The country's total external debt servicing crossed $5 billion mark, up by 30 percent, during the first nine months of current fiscal year 2013-14 (FY14), owing to massive repayments to the International Monetary Fund (IMF). Economists said the higher external debt servicing is mainly due to scheduled payments of Stand-By Arrangement (SBA) to the IMF and despite a challenge of depleting forex reserves and slow foreign inflows, Pakistan has made all payments on time.
"Although, in short-term the higher debt servicing may put a negative impact on the forex reserves, however in long-term it is very supportive for an improved economic growth," they added. Followed by rising debt payments a massive decline has also been witnessed in the country's forex reserves and the country's liquid reserves declined to $9.1 billion in March 2014 compared to $11 billion in June last year, they added.
Sources said Pakistan is still required to pay Special Drawing Rights 400 million to the IMF under the SBA repayment in the last quarter (April-June) of this fiscal year. In terms of dollar it will be calculated some 620 million, which means by the end of this fiscal year the overall debt servicing will cross $6 billion mark.
According to the State Bank of Pakistan (SBP), the country spent about $5.387 billion on external debt servicing (principal and interest payment) during the first nine months (July-March) of FY14. This includes some $4.746 billion of principal amount and about $641 million of interest payment on external debt. In addition, the paid amount is some 30 percent or $1.26 billion higher than same period of last fiscal year, in which Pakistan paid $4.127 billion on account of debt servicing.
Some $1.809 billion have been spent on external debt servicing during first quarter of FY14, about $2.325 billion in second quarter and $1.254 billion in the third quarter of current fiscal year. A detailed analysis revealed that over 82 percent of servicing has been made on account of public debt, which includes government debt, Paris Club, the IMF and foreign exchange liabilities. While remaining heads have minimum servicing during the period under review.

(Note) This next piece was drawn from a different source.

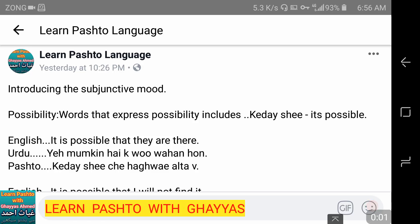Bismillah ar-Rahman ar-Rahim. Assalamu alaikum. This is Ghyas Ahmad from Learn Pashto Language YouTube channel. Today we are going to discuss introducing the subjunctive mode. So let's begin.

Under the public debt, overall $4.413 billion ($3.68 billion of principal and $548 million of interest) have been spent on debt servicing during July-March of current fiscal year compared to some $3 billion in the corresponding period of last fiscal year, depicting a notable increase of some 47 percent. During the period under review, Public Sector Enterprises (PSEs) debt servicing stood at $567 million, bank borrowing $39 million and private sector debt servicing $369 million. The analysis showed that among public sector, major debt servicing was made on account of SBA repayment to the IMF. The total external debt servicing stood at $6.84 billion in FY13 which includes $5.553 billion of principal and $932 billion of interest payments.